Começou num desafio proposto pelo Teatro Meridional ao dramaturgo Rui Xerez de Sousa, ao qual foram dadas apenas “algumas pistas”. “Queríamos ambiguidade, que não existisse propriamente um protagonista, e que se abordassem temas como o medo, a vulnerabilidade e a exposição a que estamos sujeitos por estes tempos em que parecemos viver cada vez mais no mundo digital”, lembra Seabra.

O autor eborense, participante numa edição do Laboratório de Dramaturgia do Teatro Meridional/Centro de Estudos de Teatro da Faculdade de Letras da Universidade de Lisboa, respondeu com uma peça metódica, cirúrgica e de uma notável economia narrativa, capaz de, em pouco mais de uma hora, desassossegar e inquietar o espectador, retirando-lhe, cena a cena, o chão de debaixo dos pés.

No cenário idealizado pelo cenógrafo Stéphan Alberto, que o próprio quis “intemporal e neutro, primando pela geometria, para corresponder a uma encenação também ela minimal”, encontramos um casal de meia-idade numa peculiar cena doméstica.
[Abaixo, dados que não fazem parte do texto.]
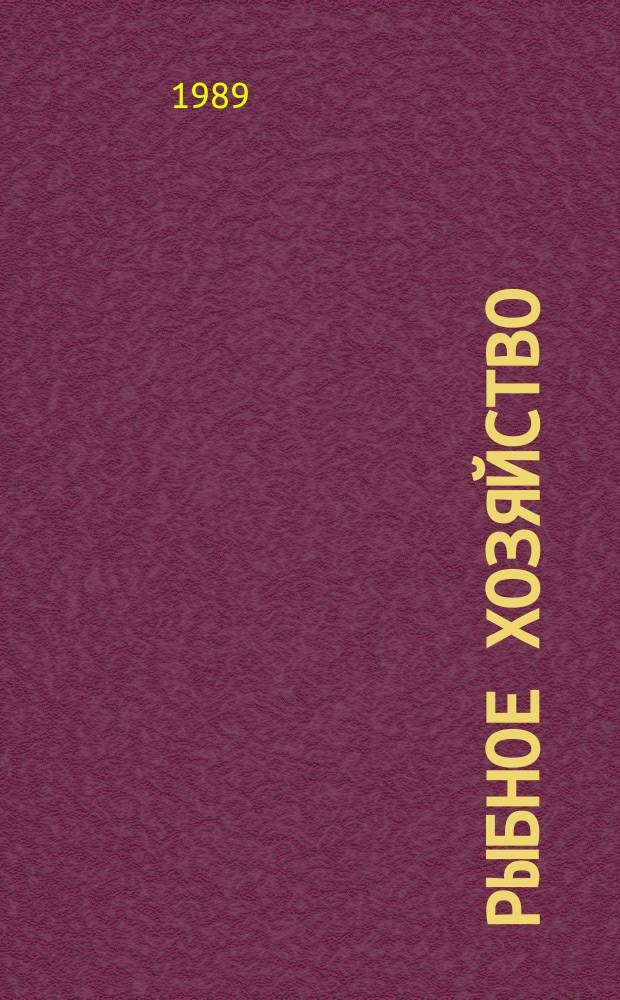 Рыбное хозяйство : Обзор. информ. 1989, Вып.5 : Некоторые правовые формы международного хозяйственного сотрудничества предприятий Минрыбхоза СССР с иностранными партнерами. Использование биоресурсов Антарктики и проблемы международного сотрудничества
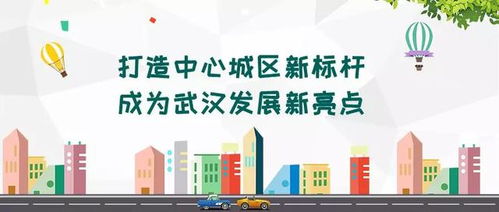 清城挽回咨询,清理山河环境，重振经济发展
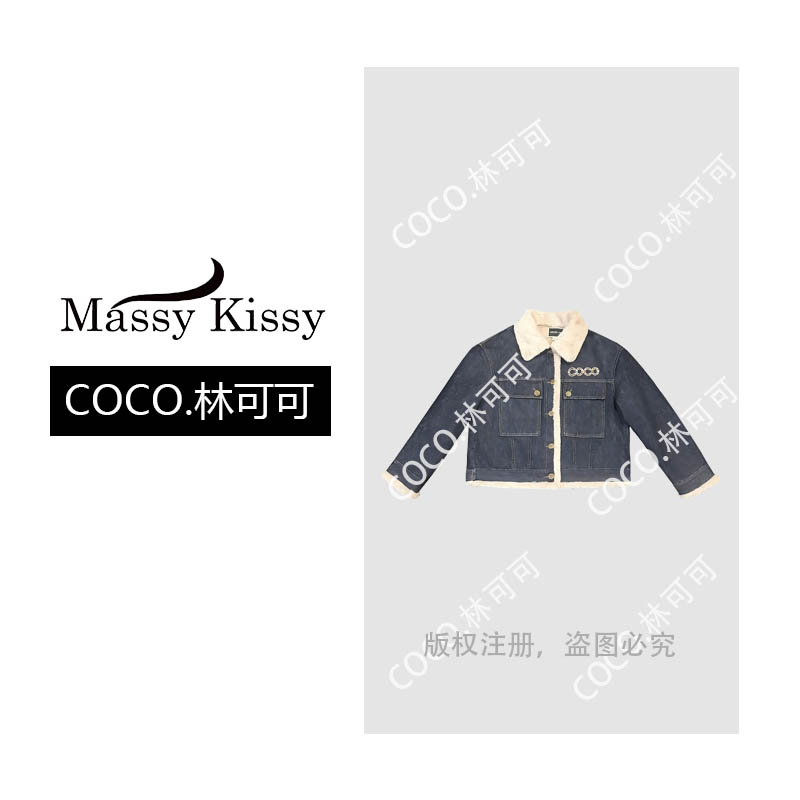 【COCO林可可】25早秋时尚休闲外套4096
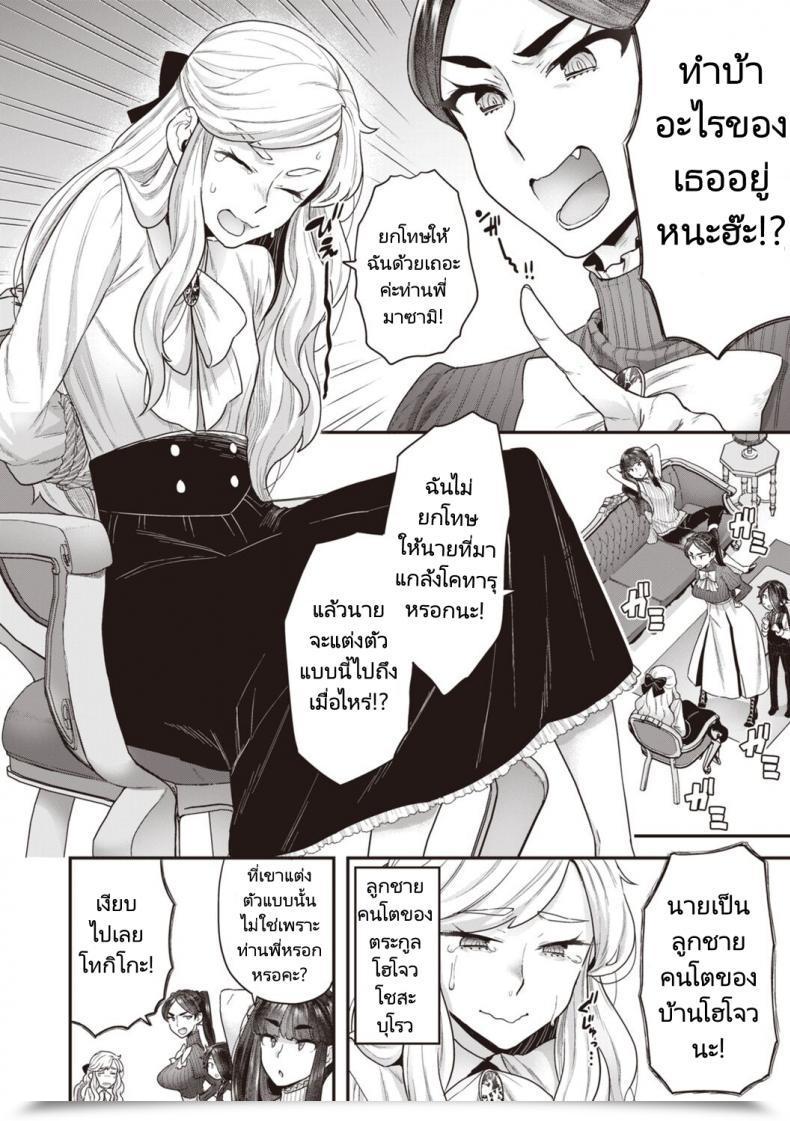 Doujin Yoshiragi Houjou Masami’S Lascivious Life Vol. 2-3 โดจินแปลไทย 25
Ela é uma escritora de livros infantis (Lígia Roque) e está entusiasmada por redescobrir a sua primeira máquina de escrever; ele, o marido (Alfredo Brito) desconfia da existência de um rato em casa e, perante a presumível presença do intruso invisível, debate-se com o medo de um recontro.

Esta cena, sublinhada pela cumplicidade entre os dois, é subitamente interrompida pela chegada de dois inspetores (Emanuel Arada e Miguel Nunes) mandatados por uma qualquer agência governamental. Em causa está a indignação do primeiro-ministro para com uma adaptação de Pinóquio feita pela escritora. Segundo os dois homens de fato escuro, a obra foi entendida pelas autoridades “da nova democracia” como uma sátira política encapotada e, por isso mesmo, a autora deve retratar-se publicamente.

Perante aquilo que considera uma acusação absurda e um inconcebível abuso de autoridade, a escritora recusa-se determinantemente a fazer qualquer declaração pública. Inicia-se assim um terrível jogo psicológico, com os dois inspetores a dar corpo a um poder omnisciente que tudo sabe, manipula e controla.

Acossado como o rato num labirinto, o casal vê posta em causa toda a sua capacidade de resistência. Ele, tolhido pelo medo e pela chantagem, e ela perante o dilema de abdicar da sua integridade intelectual e artística para salvar a própria vida.

Como refere Miguel Seabra, “esta peça é uma metáfora sobre a censura num tempo em que os limites entre a verdade e a mentira dependem cada vez menos dos factos, e mais de como estes são assimilados, caracterizados e difundidos”, sobretudo nas redes sociais, “onde a nossa exposição pública nos torna cada vez mais vulneráveis aos interesses ocultos do poder.”